Trois parcours urbains étudiés à Montpellier
Trois parcours ont été identifiés à Montpellier (quatre à Nantes), avec l’appui des services de Montpellier Méditerranée Métropole : secteur Antigone-Polygone, secteur Écusson et les boulevards autour de l’Écusson. « Le chariot suscite énormément de curiosité et de questions à chacun de nos passages. C’est valorisant pour notre travail et cela en fait aussi un outil de médiation. Chaque parcours dure environ deux heures. On le fait quatre fois par jour (8h30, 11h30, 14h30, 17h30 en horaires d'hiver), tous les 10 jours environ, pendant une année entière. Cela va représenter un ensemble de mesures climatiques très détaillées et uniques », précise Ignacio Requena, maître de conférences à l’ENSA Nantes.
Un dispositif innovant
Les données récoltées vont être analysées avec l'aide de l'équipe ADVANCE - Advanced Analytics for Data Science du Laboratoire d’Informatique, de Robotique et de Microélectronique de Montpellier (LIRMM), qui est une unité mixte de recherche rattachée au CNRS et à l’Université de Montpellier. Cette équipe est spécialisée, entre autres, dans le traitement et l’analyse informatique des données en masse.
« C’est une collaboration fructueuse, la première pour notre équipe en rapport avec l’architecture et la ville. Nous avons énormément de données récoltées sur un temps long. Pour cela, nous construisons actuellement des outils pour visualiser et explorer ces données. Ces outils sont basés sur des méthodes de clustering non supervisé. Ils permettent de former des groupes de lieux ayant des similitudes, des exemples représentatifs de ces groupes et ensuite des comportements typiques et atypiques sur certaines périodes. Au terme des trois ans du projet, l’objectif est de corréler ces résultats avec d'autres informations récoltées dans le cadre du projet Picopatt, comme une description des caractéristiques de chaque espace et ou encore des informations extraites automatiquement des prises de vue (couleurs des sols et des murs, quantité de ciel vu…). À terme, ces éléments permettront de proposer des modèles de prédiction basés notamment sur des méthodes d’apprentissage explicables, permettant de mesurer l’impact de modifications apportées dans l’aménagement urbain », détaille Sandra Bringay, Professeure en informatique au sein de l’équipe du LIRMM. Le laboratoire a recruté un post-doctorant spécifiquement pour ce projet.

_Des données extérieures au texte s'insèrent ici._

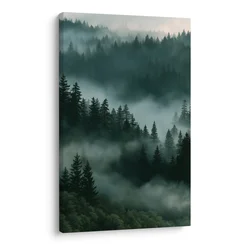 Slika tih gozd v jutranji megli - 100x150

« Picopatt permet de mieux cerner les enjeux climatiques en ville et leurs impacts à l’échelle humaine. Notre projet s’étale sur trois ans : un an de relevés, un an d’analyse et un an pour élaborer des connaissances et des guides pour l’aménagement urbain, destinées aux pouvoirs publics et autres aménageurs », explique Daniel Siret, responsable du projet.

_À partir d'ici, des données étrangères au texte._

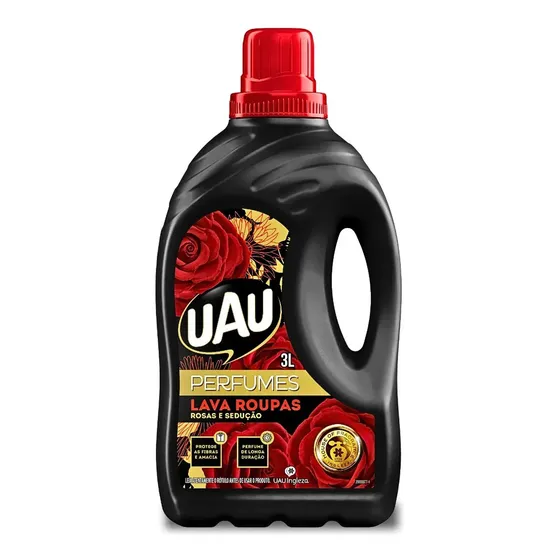 Lava Roupas Perfumes Rosas & Sedução 3 Litros Uau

« On parle beaucoup de la température de l’air pour définir les îlots de chaleur ou de fraîcheur en ville. Cette donnée est évidemment très importante mais ce n’est pas un indicateur suffisant pour caractériser l’expérience du climat en ville. Avec nos capteurs, nous prenons aussi en compte l’humidité de l’air, la vitesse et la direction du vent, le rayonnement direct et diffus et le rayonnement infrarouge. Il faut comprendre que le ressenti thermique change avec l’humidité (NDLR : lourdeur, moiteur...) mais aussi en fonction du rayonnement direct, comme celui du soleil qui réchauffe votre peau, et du rayonnement infrarouge que l’on ne voit pas mais que l’on ressent. Par exemple, les sensations quand on s’approche d’un mur froid ou au contraire d’un radiateur, d’un sol chaud… Ainsi, des façades situées à l’ombre conservent et diffusent leur fraîcheur, sans beaucoup modifier la température de l’air.
"Apporter des connaissances et des conseils sur l'aménagement urbain"

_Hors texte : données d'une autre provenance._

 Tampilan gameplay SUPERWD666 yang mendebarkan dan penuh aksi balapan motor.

Avec les mesures très précises et géolocalisées réalisées dans le cadre du projet Picopatt, nous sommes vraiment au niveau du ressenti des personnes. Notre projet permettra une meilleure compréhension de l’expérience thermique quotidienne en ville et des situations de stress thermique. L’objectif est d’ensuite apporter des connaissances et conseils sur les meilleures configurations en ce qui concerne l’aménagement urbain : matières utilisées, formes des bâtiments, forme et orientation des espaces ouverts, axe des rues, nature des sols, implantation de la végétation... »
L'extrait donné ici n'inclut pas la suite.